Want to escape city-life for a day? Here are seven places you should visit:
1. Makran Coastal Highway
If you live in Karachi, drive down the Makran Coastal Highway, preferably with enough friends and family members that you have a mini-convoy. The 653-kilometre engineering marvel passes through some stunning landscape – lunar-like mountains on one side and the Arabian Sea on the other, and starts after only an hour’s drive from Karachi. All you will end up spending on is fuel and food – well under Rs10,000.
If you live in Islamabad, Rawalpindi or Lahore, get into your car and drive up to Nathiagali. Don’t stay in the overpriced hotels in the town. Most of them are terrible and definitely not worth even a fraction of what they charge.
Instead, stay in the main market or better still, try and get one of the many government or military resthouses in the Galiyat area. These can be booked for nominal rates.

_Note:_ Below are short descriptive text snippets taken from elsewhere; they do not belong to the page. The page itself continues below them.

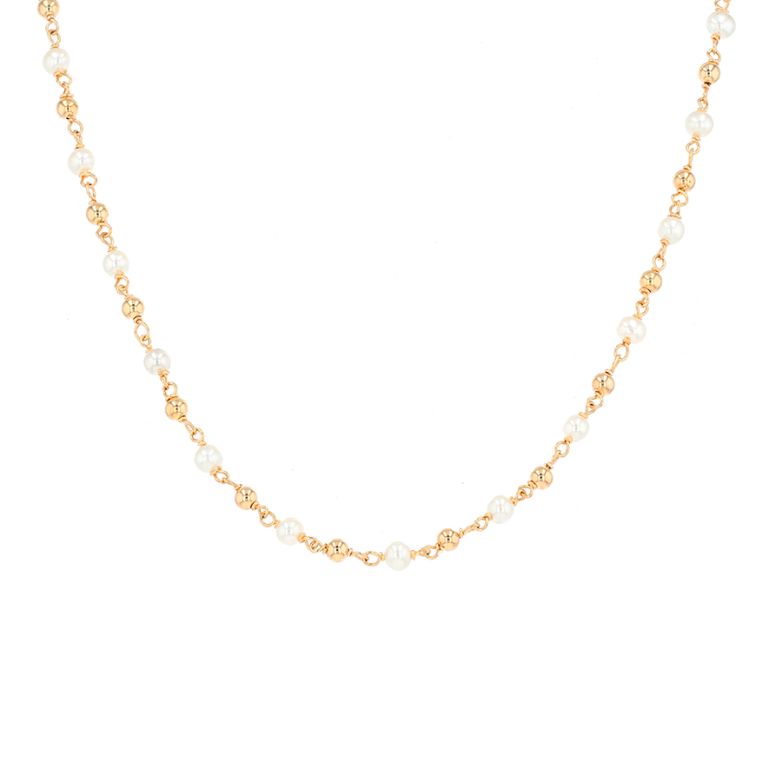 Pearl necklace yellow gold...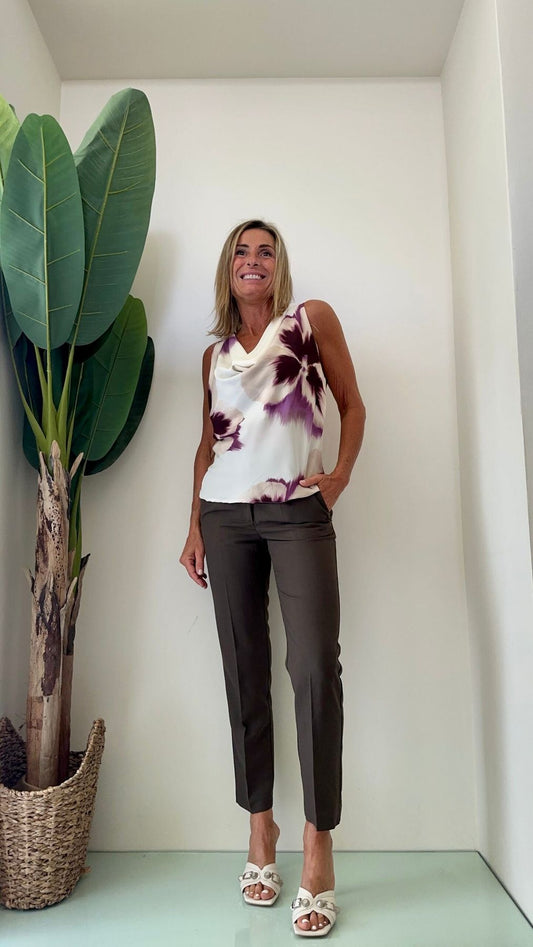 IMPERIAL - RFI0FVD - TOP RASO SCOLLO SCESO FANTASIA FIORE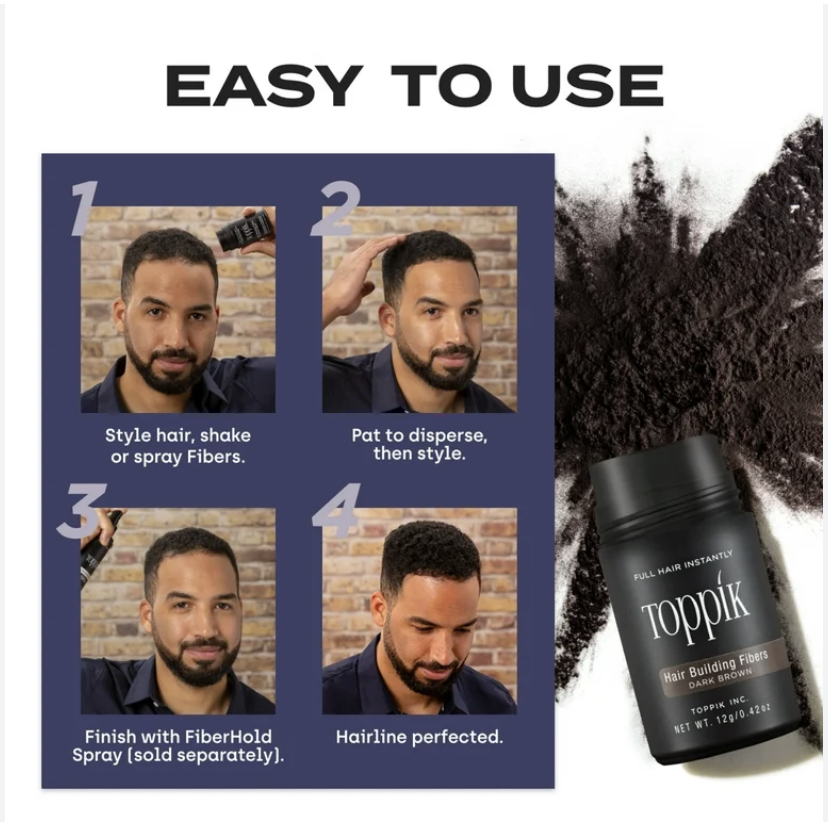 Toppik Hair Building Fibers, White, 12g Fill In Fine or Thinning Hair, Instantly Thicker, Fuller Looking - Canada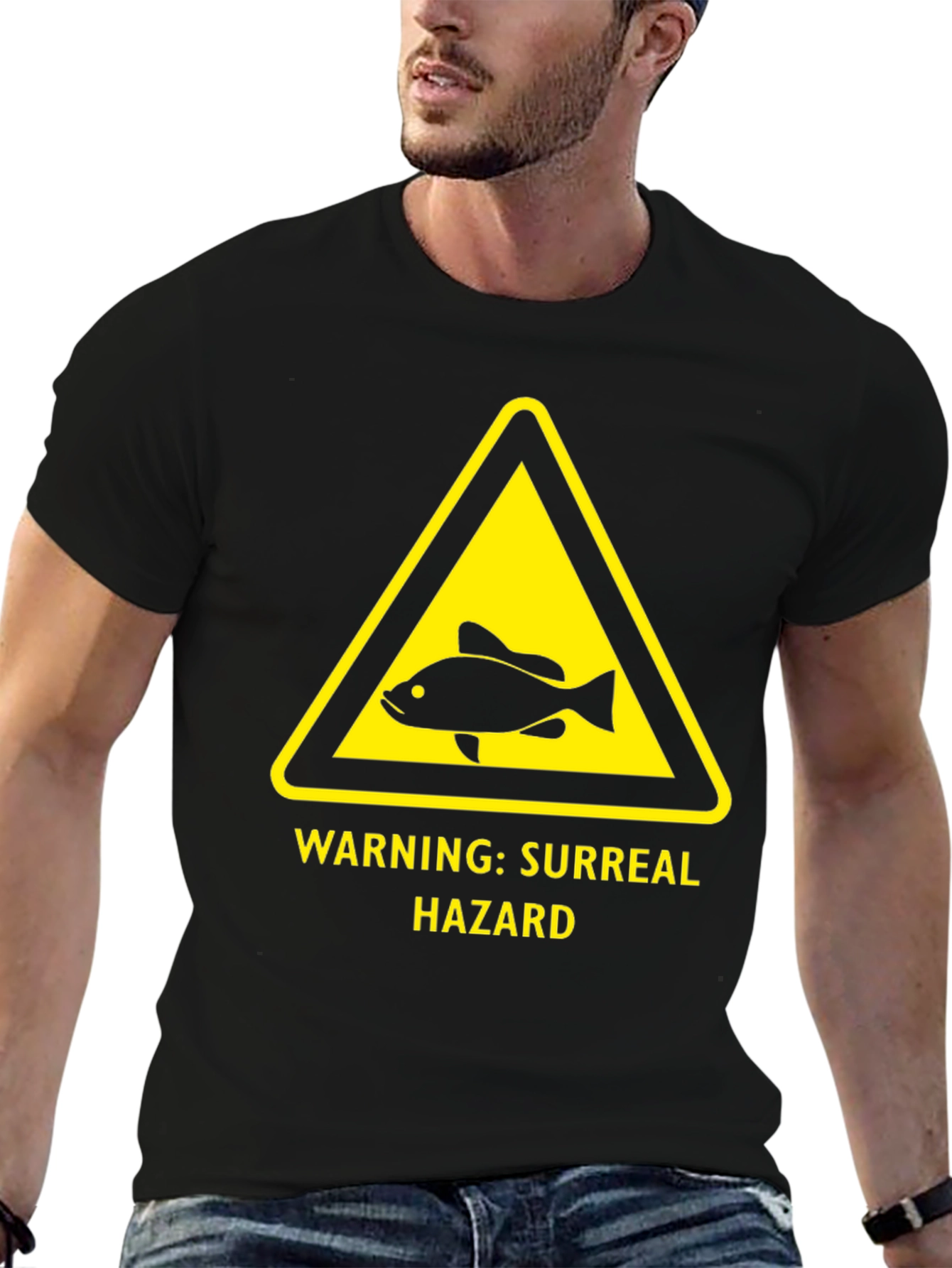 Surreal Hazard Warning Fish Graphic T-Shirt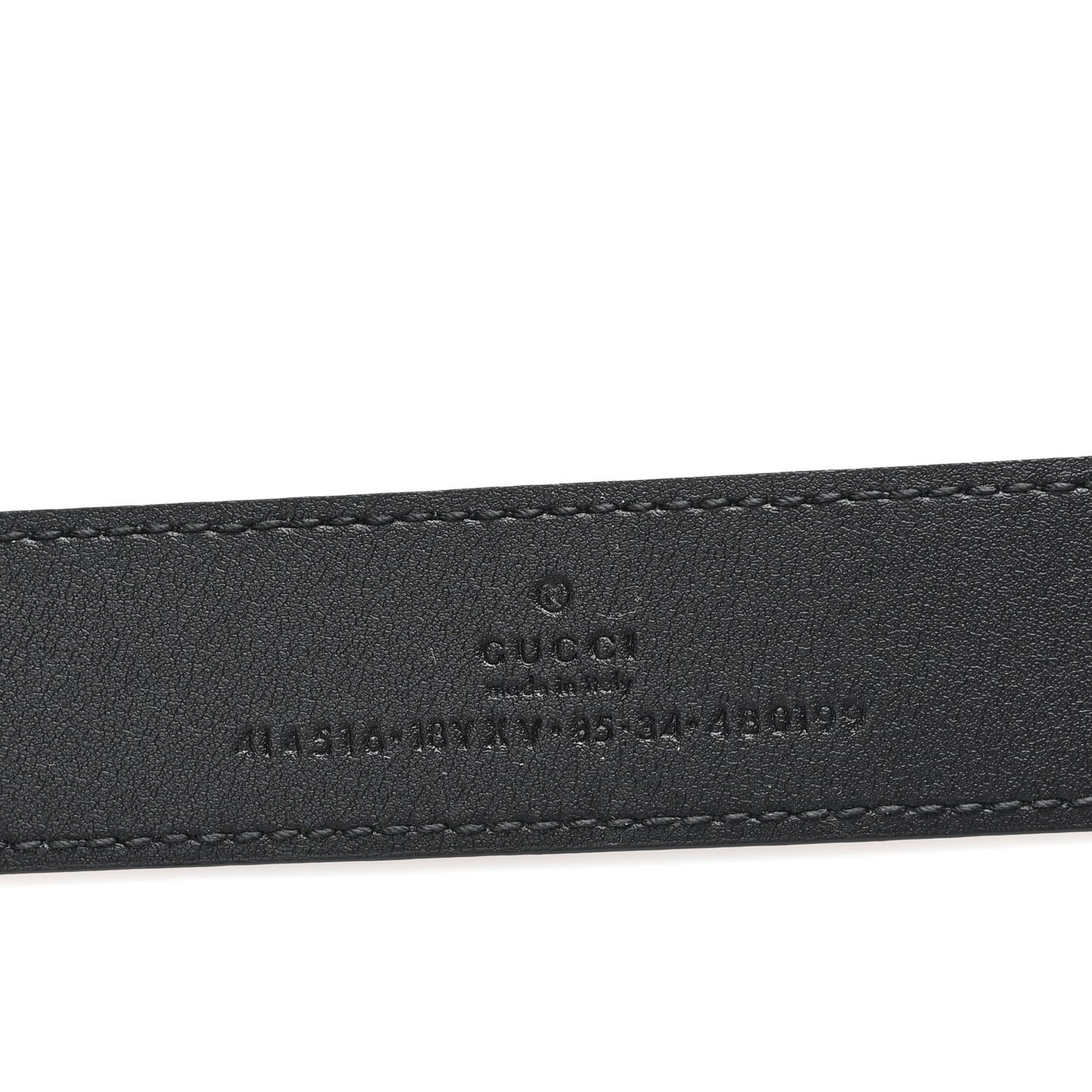 Azalea Calfskin Enamel Monochrome Double G 40mm Belt 85 34 Black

Those who live in the Islamabad/Rawalpindi area can make this into a day trip, while those who live in Lahore can get away for the weekend. Major cost is fuel and food, and, if you are staying overnight, a cheap rest house or cheap-ish hotel in Nathiagali Bazar.
Interesting activities in the area include hiking along the famed pipeline walk — from Doonga Gali bazaar to Ayubia — or climbing up the 3,000-metre high Mushkpuri peak (from Doonga Gali bazaar).
If you’re in Karachi, make a day trip to Makli in neighbouring Thatta district. This is less than 100 kilometres from Karachi, and has a necropolis which is listed by UNESCO as a World Heritage Site. It has over 125,000 graves of local rulers, saints and others, with the oldest dating back to the 14th century CE.
Makli makes for an easy day trip, though one should avoid travelling in the warm summer months. The only expense is food and fuel.
4. Rohtas Fort
From Lahore, Islamabad, Rawalpindi, or Gujranwala, you can plan a day trip to explore the Rohtas Fort near Jhelum. The fort was built by Raja Todar Mal in the 16th Century, on the orders of Sher Shah Suri, to put the local warring tribes of the area in their place. Todar Mal eventually rose to be a finance minister in Emperor Akbar’s Darbar.
The fort is just off the GT Road and offers an exciting half-day worth exploring. Also nearby is the famous Tilla Jogian, which rises 900 metres above sea level and offers spectacular views of the surrounding area in Jhelum district.
If in Islamabad or Rawalpindi, make a day trip to the incredible Taxila Museum and see the ruins of the Buddhist city that dates back over 2,300 years. The site is situated less than an hour’s drive from the Twin Cities and is a reminder to all of us that, contrary to what our Pakistan Studies textbooks teach us, our past is not exclusively Muslim.
6. Gorakh Hills: If in Karachi, take a trip to the Gorakh Hills in Dadu district. This is the highest point in Sindh at 1,734 metres and gets cold enough in the winter for it to snow. The place is part of the Kirthar National Park and has a rest house on the top which can be booked through the government. Again, the cost is fuel and the relatively cheap rent for the guesthouse. The top of the hill offers some spectacular views of Sindh’s mountain scenery, something not known even to most Karachi residents.
Residents of Lahore can take a trip to the Wagah border checkpoint and see the much-hyped flag hoisting ceremony that takes place every evening by Pakistan Rangers and India’s Border Security Force. At least one trip to watch this should be mandatory for every Pakistani to get an insight into much of what goes into the making of the Pakistan-India relationship. Of course, in this instance, the key ideas are to treat the neighbour as an enemy who should be kept at bay and treated with disdain (both sides adopt this view through this histrionics-filled daily exercise).